**Source data**
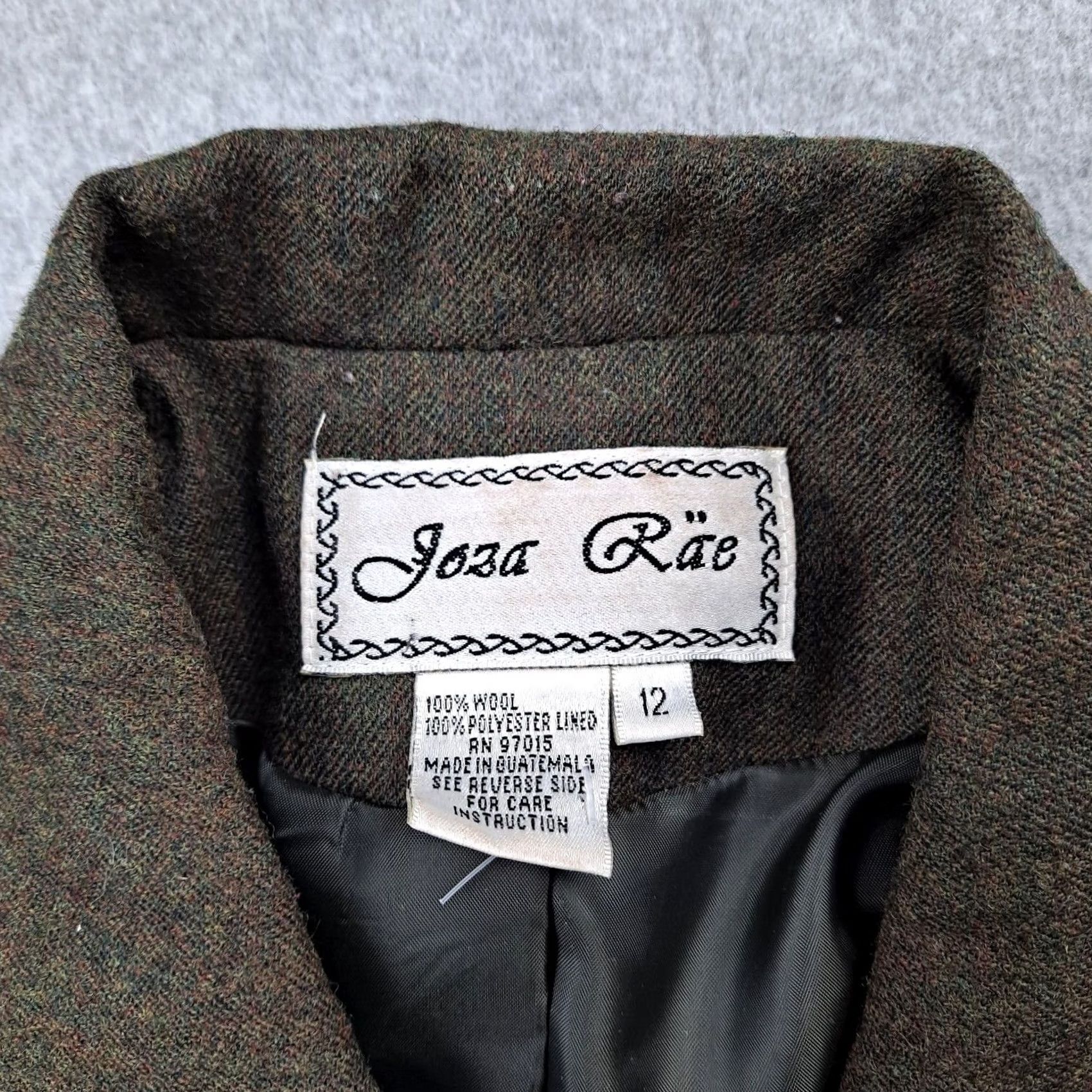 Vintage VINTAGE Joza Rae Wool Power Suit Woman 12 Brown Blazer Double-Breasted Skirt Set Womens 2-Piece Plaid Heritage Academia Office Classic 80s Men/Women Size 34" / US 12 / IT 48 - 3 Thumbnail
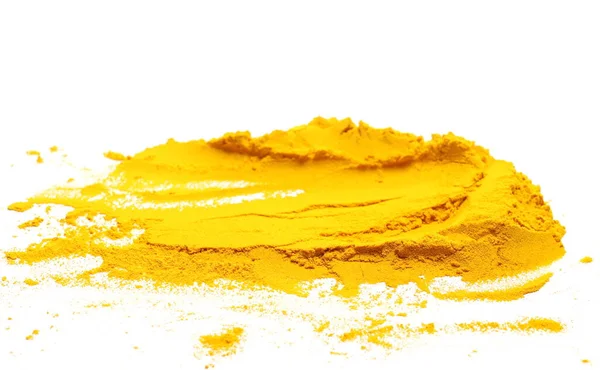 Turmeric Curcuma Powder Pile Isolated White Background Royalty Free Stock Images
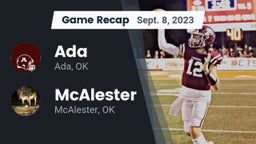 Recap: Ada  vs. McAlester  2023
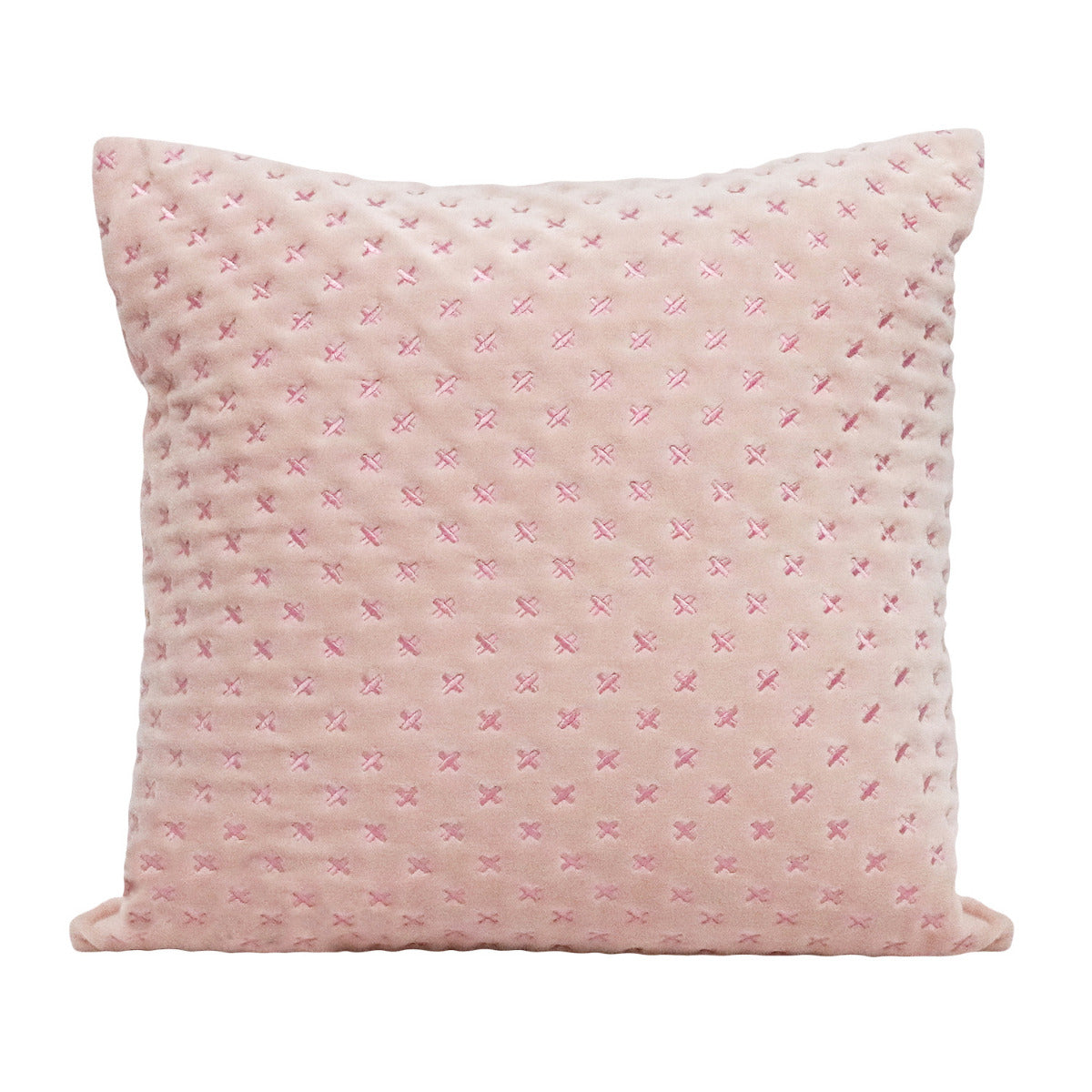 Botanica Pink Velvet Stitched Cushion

**Task prompt**
Return the material above in exact form. Pictures stay out.

**Result of the task**
 Vintage VINTAGE Joza Rae Wool Power Suit Woman 12 Brown Blazer Double-Breasted Skirt Set Womens 2-Piece Plaid Heritage Academia Office Classic 80s Men/Women Size 34" / US 12 / IT 48 - 3 Thumbnail
 Turmeric Curcuma Powder Pile Isolated White Background Royalty Free Stock Images
 Recap: Ada  vs. McAlester  2023
 Botanica Pink Velvet Stitched Cushion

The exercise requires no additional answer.